Column

How Common Core serves white folks a sliver of the black experience

Photo of Andre Perry

Degree of  Interest

In this Feb. 12, 2015 photo, Marquez Allen, age 12, reads test questions on a laptop computer during in a trial run of a new state assessment test at Annapolis Middle School in Annapolis, Md. The new test, which is scheduled to go into use March 2, 2015, is linked to the Common Core standards, which Maryland adopted in 2010 under the federal No Child Left Behind law, and serves as criteria for students in math and reading.

In this Feb. 12, 2015 photo, Marquez Allen, age 12, reads test questions on a laptop computer during in a trial run of a new state assessment test at Annapolis Middle School in Annapolis, Md. The new test, which is scheduled to go into use March 2, 2015, is linked to the Common Core standards, which Maryland adopted in 2010 under the federal No Child Left Behind law, and serves as criteria for students in math and reading.

The sky hasn’t fallen and the Constitution is still in place, even though most children are taking Common Core tests.

But it’s not a moment to celebrate either.

In Louisiana, administering the first phase of tests aligned with the new state standards to 99 percent of eligible students isn’t exactly like the Freedmen’s Bureau coming to save formerly enslaved blacks. It’s not even saving students from the Tea Party (they’re still complaining about the tests).

Relax. Take it from black and brown children who are used to being tested. Students will overcome. However, privileged adults who aren’t used to being tested may never stop crying.

Related: What this spring’s common core tests promised, and what they will actually deliver

This curriculum debate will soon taper off, chiefly because Common Core isn’t what’s failing students or teachers. Standards do not threaten the Constitution. However, something radical is happening. Common Core is serving white folks a sliver of the black experience.

I simply can’t manufacture the passion for or against curricula reboots or changes that eventually must happen. I’m sure there’s someone still lobbying for Home Economics as a required course, but gladly most have progressed. The researcher in me can’t argue against wanting a better means to measure educational performance nationwide. However, having the ability to compare performances among groups hasn’t brought educational justice to black and brown students. Still, I know that kids overcome.
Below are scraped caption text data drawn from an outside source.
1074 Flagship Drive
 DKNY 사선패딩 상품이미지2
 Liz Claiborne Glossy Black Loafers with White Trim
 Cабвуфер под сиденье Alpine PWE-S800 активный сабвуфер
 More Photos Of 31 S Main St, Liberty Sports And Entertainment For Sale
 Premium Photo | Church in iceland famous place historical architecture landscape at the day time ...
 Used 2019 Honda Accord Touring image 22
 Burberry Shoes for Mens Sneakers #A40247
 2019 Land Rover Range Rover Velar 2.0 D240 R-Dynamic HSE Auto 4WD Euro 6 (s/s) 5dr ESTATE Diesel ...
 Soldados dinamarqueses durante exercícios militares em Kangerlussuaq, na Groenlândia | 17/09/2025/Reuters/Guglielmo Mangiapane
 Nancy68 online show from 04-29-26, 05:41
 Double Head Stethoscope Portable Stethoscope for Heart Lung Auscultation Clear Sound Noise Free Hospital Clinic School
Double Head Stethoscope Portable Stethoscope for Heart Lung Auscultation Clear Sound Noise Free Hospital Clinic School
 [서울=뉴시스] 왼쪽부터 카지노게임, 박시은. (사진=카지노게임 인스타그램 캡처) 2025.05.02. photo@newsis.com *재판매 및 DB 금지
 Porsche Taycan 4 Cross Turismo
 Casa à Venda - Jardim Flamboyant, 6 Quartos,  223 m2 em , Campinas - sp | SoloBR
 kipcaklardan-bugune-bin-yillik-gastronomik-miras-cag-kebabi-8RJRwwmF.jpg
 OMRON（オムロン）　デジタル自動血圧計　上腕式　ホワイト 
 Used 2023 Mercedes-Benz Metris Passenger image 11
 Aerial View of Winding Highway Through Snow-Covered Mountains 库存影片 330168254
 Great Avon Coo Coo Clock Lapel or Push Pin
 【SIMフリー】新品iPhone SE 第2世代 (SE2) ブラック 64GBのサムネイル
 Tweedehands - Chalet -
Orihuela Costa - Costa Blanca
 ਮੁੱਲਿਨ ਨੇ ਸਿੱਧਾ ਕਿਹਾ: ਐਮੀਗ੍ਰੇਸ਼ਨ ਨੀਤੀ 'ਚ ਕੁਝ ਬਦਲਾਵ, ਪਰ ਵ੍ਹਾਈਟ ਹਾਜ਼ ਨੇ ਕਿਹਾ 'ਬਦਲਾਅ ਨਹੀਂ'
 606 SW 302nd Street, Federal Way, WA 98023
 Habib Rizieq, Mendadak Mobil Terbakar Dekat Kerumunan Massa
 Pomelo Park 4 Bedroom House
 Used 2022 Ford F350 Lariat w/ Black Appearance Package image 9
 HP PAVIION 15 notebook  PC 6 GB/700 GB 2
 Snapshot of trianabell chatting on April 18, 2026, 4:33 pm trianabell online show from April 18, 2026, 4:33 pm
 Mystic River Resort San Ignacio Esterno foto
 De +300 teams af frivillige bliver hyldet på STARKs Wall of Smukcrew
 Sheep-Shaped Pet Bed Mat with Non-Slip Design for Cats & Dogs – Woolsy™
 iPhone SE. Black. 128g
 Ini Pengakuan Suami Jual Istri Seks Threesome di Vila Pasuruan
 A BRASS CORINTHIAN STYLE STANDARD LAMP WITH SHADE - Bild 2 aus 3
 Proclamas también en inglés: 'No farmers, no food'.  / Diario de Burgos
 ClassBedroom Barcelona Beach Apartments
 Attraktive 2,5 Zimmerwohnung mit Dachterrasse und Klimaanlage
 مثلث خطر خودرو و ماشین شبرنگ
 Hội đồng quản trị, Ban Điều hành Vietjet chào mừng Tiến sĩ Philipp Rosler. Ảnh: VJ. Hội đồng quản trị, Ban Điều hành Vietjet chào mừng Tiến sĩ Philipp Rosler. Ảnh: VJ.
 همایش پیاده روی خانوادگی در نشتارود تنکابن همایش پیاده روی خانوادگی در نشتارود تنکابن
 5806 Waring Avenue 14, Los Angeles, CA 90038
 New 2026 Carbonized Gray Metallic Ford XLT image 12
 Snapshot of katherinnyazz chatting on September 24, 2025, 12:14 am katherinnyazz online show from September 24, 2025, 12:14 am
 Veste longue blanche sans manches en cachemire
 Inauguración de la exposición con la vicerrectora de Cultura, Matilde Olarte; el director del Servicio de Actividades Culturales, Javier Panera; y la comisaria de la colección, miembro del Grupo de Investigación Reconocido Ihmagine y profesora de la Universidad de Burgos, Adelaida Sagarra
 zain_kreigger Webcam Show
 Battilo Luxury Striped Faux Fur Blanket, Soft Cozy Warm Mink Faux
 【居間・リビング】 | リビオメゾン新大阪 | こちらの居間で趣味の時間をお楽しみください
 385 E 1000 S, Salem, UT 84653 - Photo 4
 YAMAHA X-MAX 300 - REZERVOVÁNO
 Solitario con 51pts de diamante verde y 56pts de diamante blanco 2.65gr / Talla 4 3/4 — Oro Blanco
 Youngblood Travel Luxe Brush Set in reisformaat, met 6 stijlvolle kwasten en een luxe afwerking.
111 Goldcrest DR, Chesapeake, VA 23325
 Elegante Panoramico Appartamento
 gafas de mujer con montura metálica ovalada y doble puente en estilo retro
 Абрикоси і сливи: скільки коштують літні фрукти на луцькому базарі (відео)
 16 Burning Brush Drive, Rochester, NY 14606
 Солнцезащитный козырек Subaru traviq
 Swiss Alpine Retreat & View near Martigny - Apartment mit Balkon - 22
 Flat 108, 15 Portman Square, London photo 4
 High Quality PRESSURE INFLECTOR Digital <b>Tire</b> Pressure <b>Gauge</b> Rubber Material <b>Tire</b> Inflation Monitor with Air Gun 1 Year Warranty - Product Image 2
I didn’t like how the usual suspects profited politically and financially from the development of the tests – someone other than poor folk usually do. I got a bigger chuckle from ideas of a federal overreach than money-grab claims – but only slightly bigger. I’m trying to remember a time when a cabal of individuals and companies didn’t profit from education reform.

Related: How compatible are Common Core and technology?

Reporting on the backlash against Common Core seems to be more dramatic than the resistance and rollout, which has been tepid. Hechinger reported, “[o] f the original 26 states that signed up for [Partnership for the Assessment of Readiness for College and Careers], just 11 plus Washington, D.C. are giving the test. Of the original 31 signed up for Smarter Balanced, only 18 are still on board.”

I support Common Core, but like many I’m so over it. I do believe the overselling and politicization already mitigated whatever impact it could have. Common Core tests were supposed to be immune to test prep, but kids are prepping anyway. I give a closed grin for Common Core as a passive aggressive mock against those who apparently want to return to 1950’s styled curriculum. But I must admit that I crack a wide smile for Common Core because it’s giving many an ounce of the black experience.

Conservatives and liberals alike are calling for a Common Core ouster because it’s making their children weep.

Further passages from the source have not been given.